God wanted to nip the fast multiplication of murders in the bud.

Calvin's Commentary on the Bible

But this sentence ought to be read continuously, thus, ‘Whosoever killeth Cain, shall on this account, be punished sevenfold.’ And the causal particle לכן (lekon,) indicates that God would take care to prevent any one from easily breaking in upon him to destroy him; not because God would institute a privilege in favor of the murderer, or would hearken to his prayers but because he would consult for posterity, in order to the preservation of human life. The order of nature had been awfully violated; what might be expected to happen in future, when the wickedness and audacity of man should increase, unless the fury of others had been restrained by a violent hand? For we know what pestilent and deadly poison Satan presents to us in evil examples, if a remedy be not speedily applied. Therefore, the Lord declares, if any will imitate Cain, not only shall they have no excuse in his example, but shall be more grievously tormented; because they ought, in his person, to perceive how detestable is their wickedness in the sight of God.
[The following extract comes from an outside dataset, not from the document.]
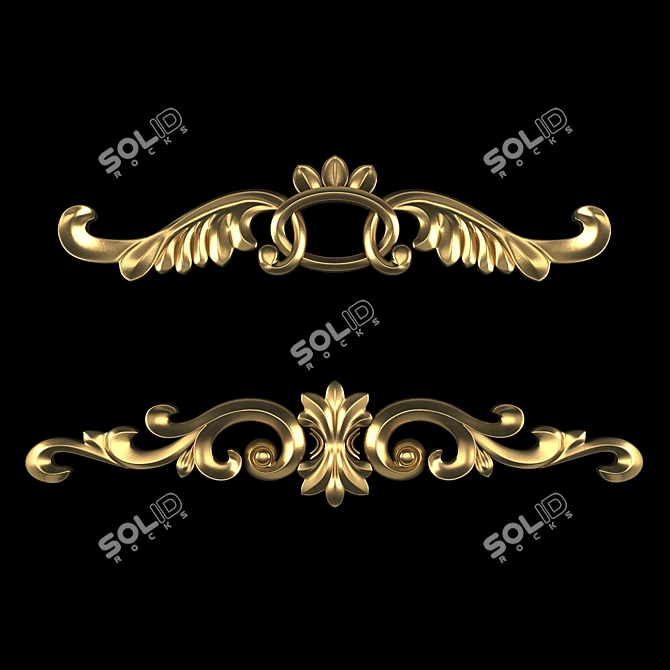 3D Max Ornament Files 2016 3D model image 8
Wherefore, they are greatly deceived who suppose that the anger of God is mitigated when men can plead custom as an excuse for sinning; whereas it is from that cause the more inflamed.
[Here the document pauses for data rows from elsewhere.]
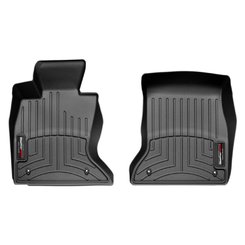 Килимки в салон для BMW 5 2010 - F10 X drive з бортиком передні чорні 443301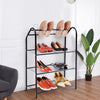 4-Tier Metal Shoe Rack Shelf
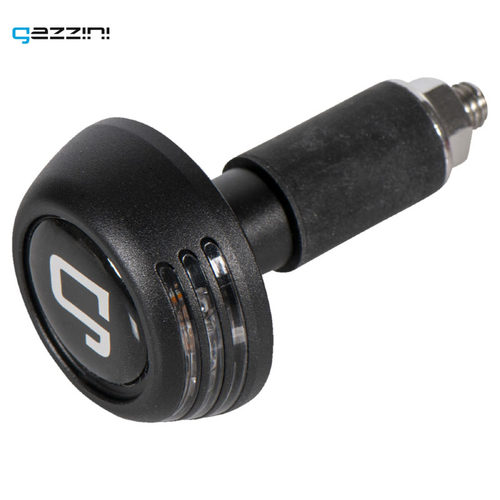 德国gazzini 转向信号指示器LED灯铝制端头堵头9W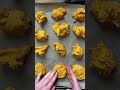 Pumpkin Cookies w/ Maple Glaze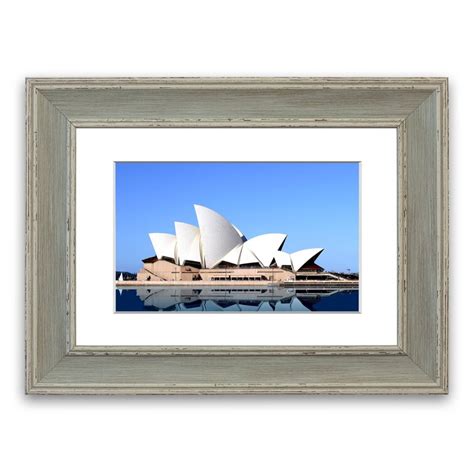 East Urban Home Sydney Opera House Australia - Picture Frame Photograph | Wayfair.co.uk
God wanted to be in control instead of men.

Deuteronomy 32:35 It is mine to avenge; I will repay.

Keil & Delitzsch Commentary on the Old Testament

God granted him continuance of life, not because banishment from the place of God's presence was the greatest possible punishment, or because the preservation of the human race required at that time that the lives of individuals should be spared, - for God afterwards destroyed the whole human race, with the exception of one family, - but partly because the tares were to grow with the wheat, and sin develop itself to its utmost extent, partly also because from the very first God determined to take punishment into His own hands, and protect human life from the passion and wilfulness of human vengeance.